* _What is being asked_: In the data below, repeat the line containing "4734 Jefferson Street Hollywood FL 33021" and every following line exactly, up to and including the last line. Exclude pictures.

* _Data to use_:
****
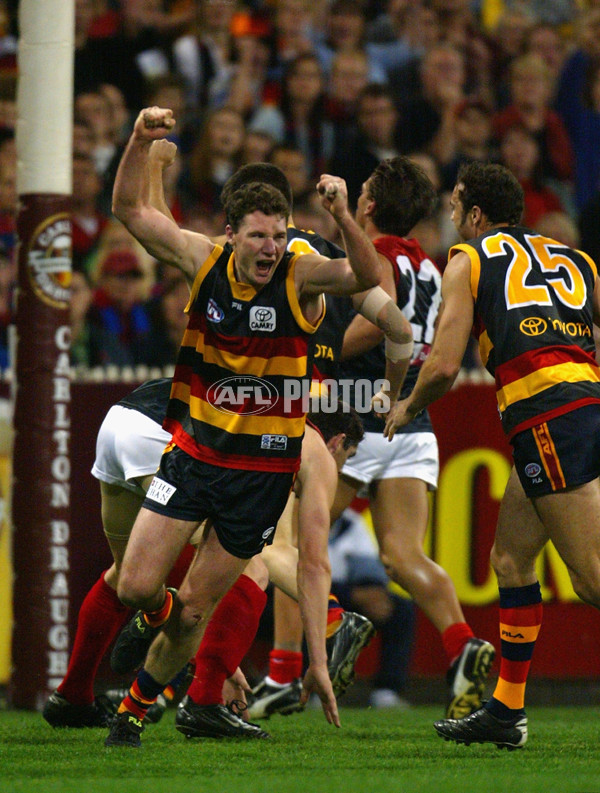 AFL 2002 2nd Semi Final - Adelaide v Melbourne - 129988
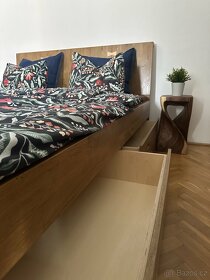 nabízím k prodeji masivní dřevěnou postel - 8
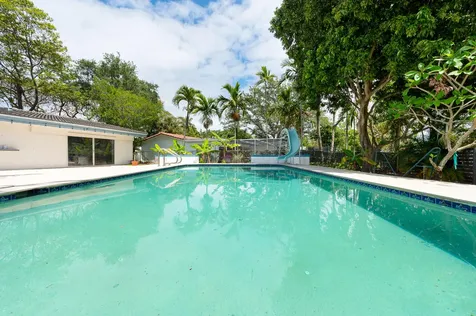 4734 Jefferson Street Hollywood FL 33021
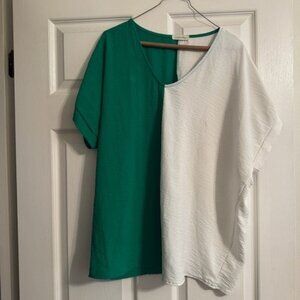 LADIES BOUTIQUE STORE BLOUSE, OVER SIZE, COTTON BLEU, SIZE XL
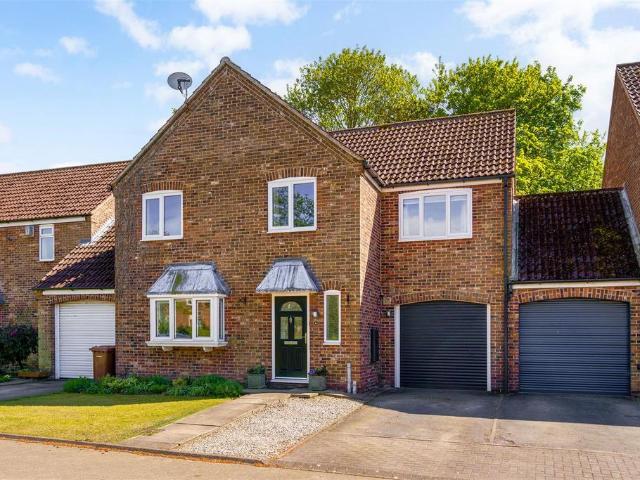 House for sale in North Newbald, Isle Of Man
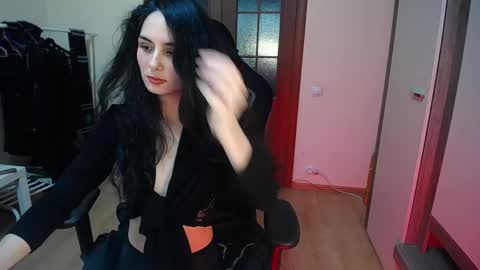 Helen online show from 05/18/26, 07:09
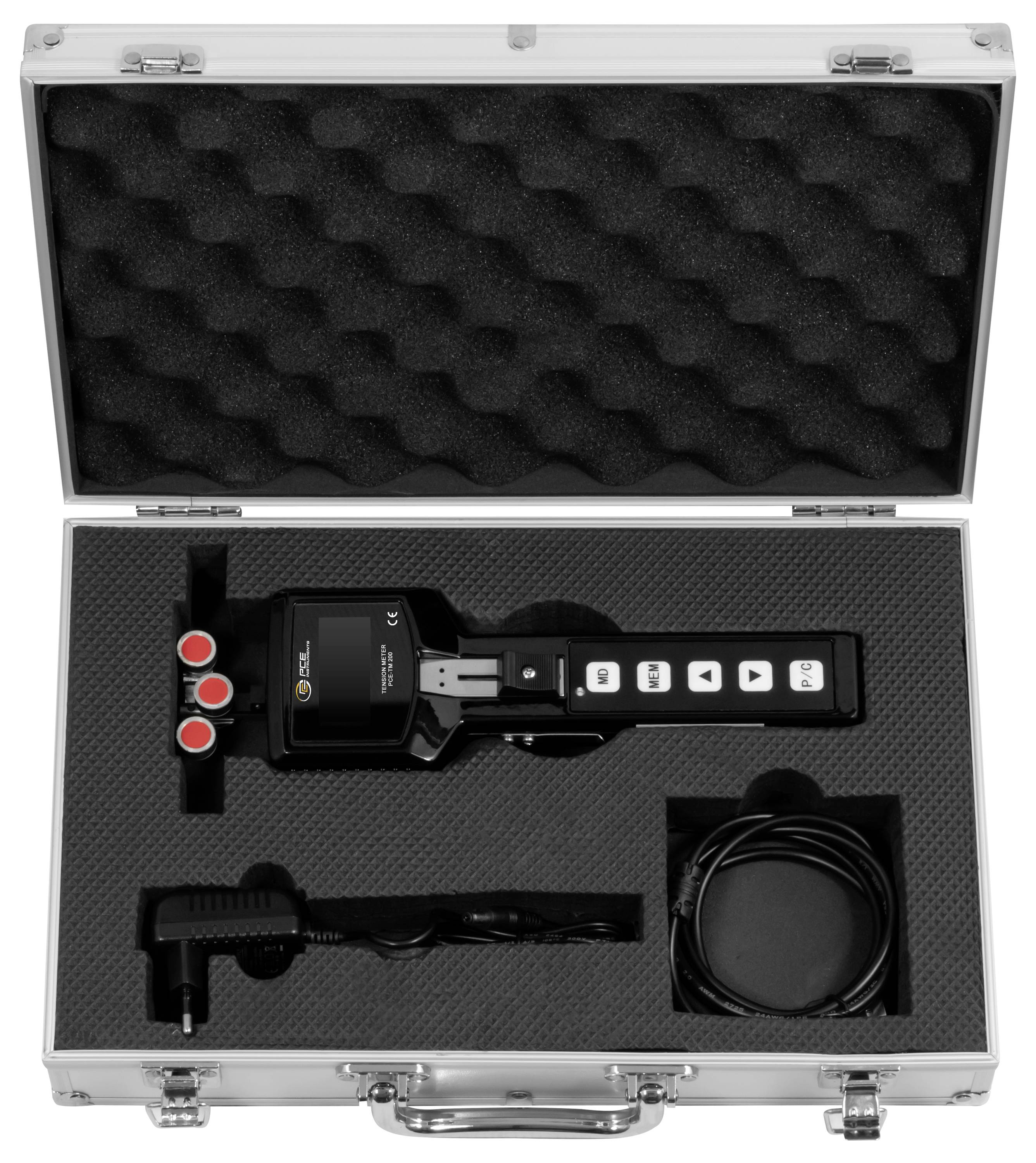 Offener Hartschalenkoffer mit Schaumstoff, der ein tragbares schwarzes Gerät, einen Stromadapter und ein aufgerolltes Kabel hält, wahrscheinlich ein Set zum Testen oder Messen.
****
* _Reply_:
 4734 Jefferson Street Hollywood FL 33021
 LADIES BOUTIQUE STORE BLOUSE, OVER SIZE, COTTON BLEU, SIZE XL
 House for sale in North Newbald, Isle Of Man
 Helen online show from 05/18/26, 07:09
 Offener Hartschalenkoffer mit Schaumstoff, der ein tragbares schwarzes Gerät, einen Stromadapter und ein aufgerolltes Kabel hält, wahrscheinlich ein Set zum Testen oder Messen.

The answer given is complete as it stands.